Having a self care plan will be an ongoing topic here at Inside Outside In.  For my own mental health, I have two.  The first, I use when things are starting to go wrong.  Some examples of when I’ve used it are to deal with a panic attack, when my Cerebral Palsy is making me feel bad physically, or when I know I haven’t had enough sleep.  My plan reminds me of safe things I can do to change the way I’m feeling.  I can go sit outside where I live, and I know that this is something that helps me.  Sometimes I feel better if I draw something.  At the very top of my plan are the words “WATER FOOD MEDS.”  This is to remind me that there may be a physiological reason for the way I feel.  It is a cue for me to think about how much water I’ve had that day, what and how much I’ve eaten, and whether I’ve taken all of my meds.  My plan also has a list of safe people I can call or text.  Depression thrives in isolation, and shrinks in company.  My safe people know about my diagnosis, and I can be honest with them about my symptoms.  Right now, there are about 12 things on my plan.  It’s important to make the plan when you are doing well.  It’s also good to revisit it from time to time, and make sure the things you have listed still apply.  If you have a friend listed as a support person and then the two of you have a falling out, when you’re feeling bad is probably not the best time to be reminded of it!
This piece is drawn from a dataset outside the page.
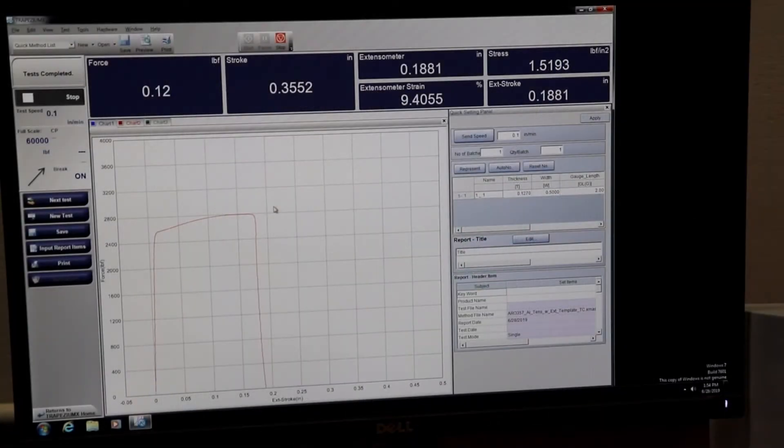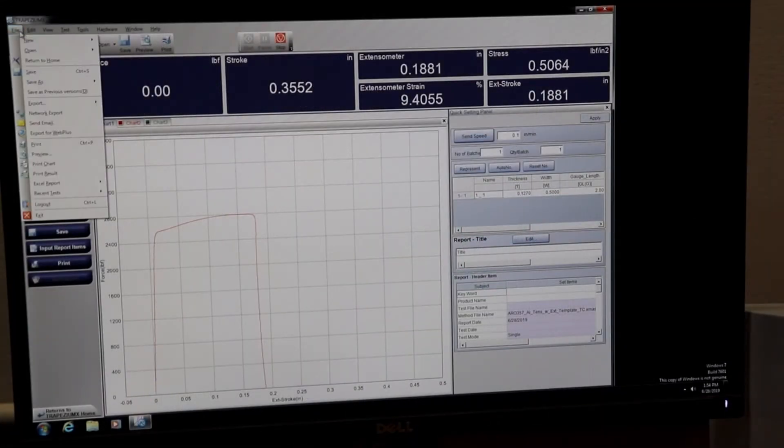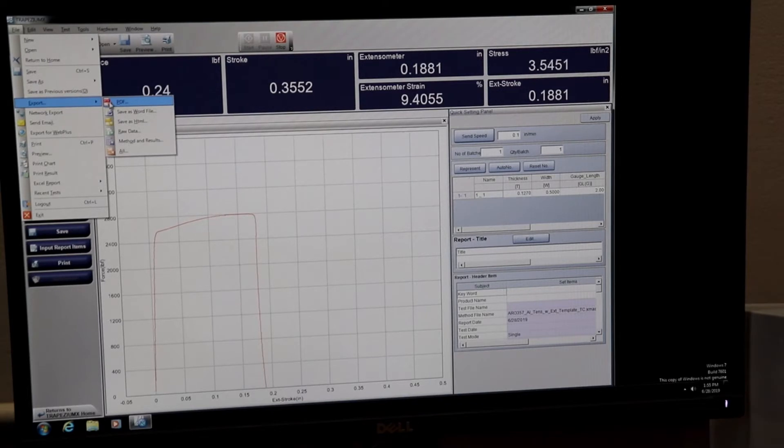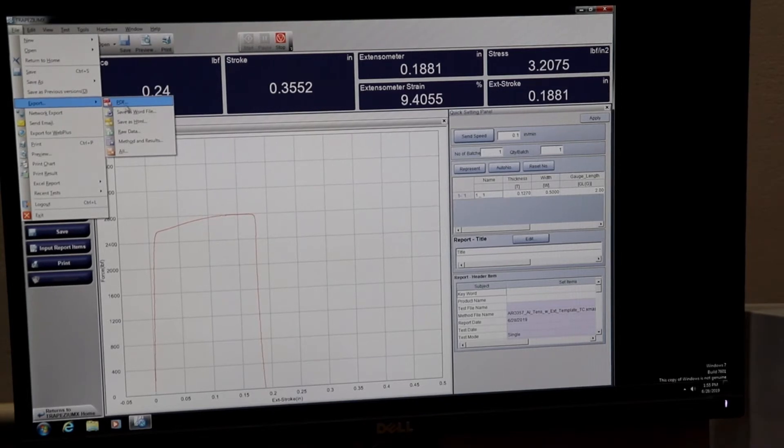We will now export the data for further analysis. To do so, we will click File Export Raw Data. We now name the file and save it to a place that can be retrieved easily.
Here’s where it gets a little trickier, but just as important

Next up is the crisis plan.  This is what I use when things have really broken down, and I know I need more help than what I can do for myself.  My spouse knows where it is.  It clearly outlines how they will know that I need outside help.  Some of the these are, “I state that I’m suicidal.”  “I refuse more than 1 meal per day.”  “I skip two classes in a row.”  These are observable things with no ambiguity.  I either eat 2 meals per day, or I don’t.  I state that I’m suicidal, or I don’t  (I always say that I am, when I am.  If you don’t, then it’s not appropriate for your plan!).  Next up is what I want my spouse to do, and how to do it.  I have phone numbers listed, and what to tell that person.  Examples of useful numbers may be your physician, therapist, or psychiatrist.  Maybe you’re really close to your step-mom, and want her to know immediately if something is wrong.  It’s totally up to you.  Just as important are the people you don’t want called.  It doesn’t necessarily mean they can’t help in the future, it just means this is not a call to be made during the crisis.  The next item on my plan is where it’s okay to take me.  There is a hospital in my area I will not go to.  There are a couple of other facilities where I feel comfortable, and would want to be taken.  This is all spelled out in my plan.  I have a list of what I need to bring with me (sweat pants, t-shirts, underwear, my box of medications, my favorite book, etc).  Now, here’s a biggie: at the top of my crisis plan, I have written: “IF (my name) REFUSES TO FOLLOW THE CRISIS PLAN, I GIVE PERMISSION FOR EMERGENCY INTERVENTION.”  I’ve signed it at the bottom.  So, there it is.  It’s out of my hands, and my spouse’s.  It’s spelled out very clearly what to do when.  Yes, this is a modified version of published material.  I’m writing about what I’ve found helpful.  

TLDR: The three most important points are: 1)  Have a plan for when things start to go wrong, 2) Have a crisis plan, 3) Share the crisis plan with someone you trust.